Mahfud MD: Percayakan pada Proses Pengadilan Militer
Menteri Koordinator Politik, Hukum, dan Keamanan Mahfud MD mengajak masyarakat memercayakan proses peradilan dugaan korupsi di Basarnas pada pengadilan militer.
Oleh
DAHLIA IRAWATI
·3 menit baca
SITUBONDO, KOMPAS — Menteri Koordinator Politik, Hukum, dan Keamanan Mahfud MD meminta masyarakat untuk memercayakan proses peradilan terkait dugaan korupsi di Basarnas yang melibatkan pejabat TNI. Masyarakat, menurutnya, bisa mengawal proses peradilan tersebut dari luar.
Seusai mengikuti puncak latihan gabungan TNI Darma Yuda di Pantai Banongan, Situbondo, Jawa Timur, Selasa (1/8/2023), Mahfud MD memberikan pernyataan terkait polemik penanganan kasus dugaan korupsi di Basarnas yang melibatkan pejabat TNI.
”Tentang Basarnas, sudah diselesaikan dengan baik. Sudah diselesaikan sesuai dengan hukum. Menurut UU Militer Nomor 31 Tahun 1997, memang tindak pidana yang dilakukan oleh anggota TNI dilakukan oleh peradilan militer. Dalam seluruh jenis pidana,” katanya.
Meski demikian, Mahfud MD melanjutkan, pada tahun 2004 ada UU Nomor 34 Tahun 2004. Dalam UU itu diatur bahwa tindak pidana yang bersifat tindak pidana umum untuk anggota TNI diadili peradilan umum, adapun yang bersifat tindak pidana militer diadili peradilan militer.
”Tetapi, itu ada aturan di dalam Pasal 74 Ayat 2 UU tersebut, di mana disebutkan, sebelum ada UU peradilan militer baru yang menyempurnakan UU 31 Tahun 1997, maka masih dilakukan oleh peradilan militer. Jadi, sudah tidak ada masalah. Hanya tinggal koordinasi. Dan, koordinasi sudah dilakukan tadi malam atas arahan panglima TNI,” katanya.
Lebih lanjut, Mahfud mengatakan, Puspom TNI sudah melanjutkan menersangkakan pejabat yang bersangkutan, dan sudah ditahan, untuk kemudian diproses di pengadilan militer.

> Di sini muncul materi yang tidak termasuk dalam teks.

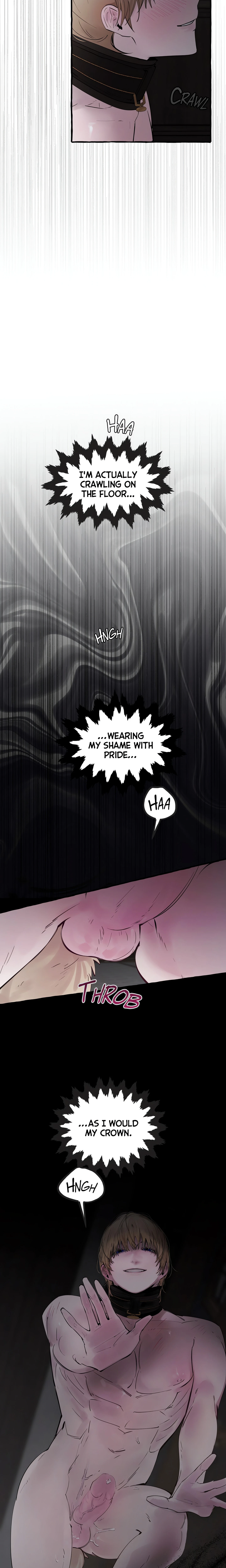 Chapter 54, page 16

Kesan saya pribadi, peradilan militer itu kalau sudah mengadili, biasanya akan lebih steril dari intervensi politik. Lebih steril dari tekanan-tekanan masyarakat sipil.
Berikutnya, Mahfud mengajak masyarakat memercayakan proses peradilan itu pada pengadilan militer. ”Kesan saya pribadi, peradilan militer itu kalau sudah mengadili, biasanya akan lebih steril dari intervensi politik. Lebih steril dari tekanan-tekanan masyarakat sipil. Oleh karena itu, kita percayakan pada peradilan militer. Dan kita semua akan mengawalnya dari luar,” katanya.
Ketua Komisi Pemberantasan Korupsi Firli Bahuri, pada Sabtu (29/7/2023), menegaskan bahwa seluruh proses penyelidikan, penyelidikan, hingga penetapan pelaku dalam dugaan korupsi di Badan Nasional Pencarian dan Pertolongan atau Basarnas telah sesuai prosedur hukum. Saat dilakukan kegiatan tangkap tangan di Basarnas pun, KPK melibatkan Polisi Militer TNI.
Firli juga menyampaikan, seperti diatur dalam Pasal 42 Undang-Undang KPK, KPK berwenang mengoordinasikan dan mengendalikan penyelidikan, penyidikan, dan penuntutan tindak pidana korupsi yang dilakukan bersama-sama oleh orang yang tunduk pada peradilan militer.
Sebelumnya, KPK menetapkan lima tersangka atas dugaan suap pada proyek pengadaan barang atau jasa di Basarnas, salah satunya Kepala Basarnas Periode 2021-2023 Marsekal Madya Henri Alfiandi. Dalam kurun waktu 2021-2023, Henri bersama dan melalui Koordinator Administrasi Kepala Basarnas Letnan Kolonel Afri Budi Cahyanto diduga menerima sekitar Rp 88,3 miliar dari berbagai vendor proyek (Kompas.id, 26/7/2023).
KPK sudah memiliki kecukupan alat bukti dalam penetapan tersangka terhadap lima orang dalam kasus dugaan suap proyek pengadaan barang/jasa di Basarnas tahun 2021-2023. Pada Senin (31/7/2023), KPK kembali menahan satu tersangka, yakni Komisaris Utama PT Multi Grafika Cipta Sejati, Mulsunadi Gunawan.